The introductory course, which typically focused on how costs and benefits are traded off in business environments, is evolving to expand students’ views of what economics is.
Professor Thomas Nechyba, who taught the class in spring 2022, explained the changes: “Economics is a science that investigates the consequences of choices we make in all walks of life — because all choices involve costs and benefits even if those aren’t always expressed in money terms,” he said. “The way I teach it now allows students to develop the sense that economics is a science that aims at an improved understanding of the world around us.”
Under the guidance of Chair James Roberts, the department has been focusing on showing undergraduates how economics applies to multiple disciplines. Roberts said he wants all students, not just economics majors, to have a better understanding of the many different dimensions of the discipline. Restructuring the 101 class is part of that plan.
“Many students who are passionate about issues that economics can help them think about might not realize this is the case,” said Nechyba. “This course helps to shatter pre-conceptions that limit economics in the minds of students while getting them excited about becoming part of the research process that applied economics to issues they are passionate about.”
So what do the students think?
While Nechyba has plenty of ideas on how to improve the course even more, student feedback has been overwhelmingly positive.

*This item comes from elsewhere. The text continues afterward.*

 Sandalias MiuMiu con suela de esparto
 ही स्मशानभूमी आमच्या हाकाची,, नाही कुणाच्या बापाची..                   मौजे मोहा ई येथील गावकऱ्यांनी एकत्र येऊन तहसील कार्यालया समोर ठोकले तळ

Many students expressed surprise at how different actual economics is from their high school classes. Interaction with faculty and alumni were also prioritized heavily.
“The students loved engaging with visiting faculty in class, and visiting faculty kept expressing how surprised they were at how engaged and prepared the students were,” said Nechyba. “They also loved meeting alumni and hearing from them about the ways in which their economics training has helped them.”
Nechyba hopes that the new Econ 101 will help dispel the myth around campus that economics equals finance.
“By painting a rich landscape of all the topics that economics touches, by focusing on the exciting ideas that make economics applicable to all of these issues, by getting students engaged in what research in economics looks like, the course allows students to see ways in which economics is critical to understanding issues they are most passionate about,” he said.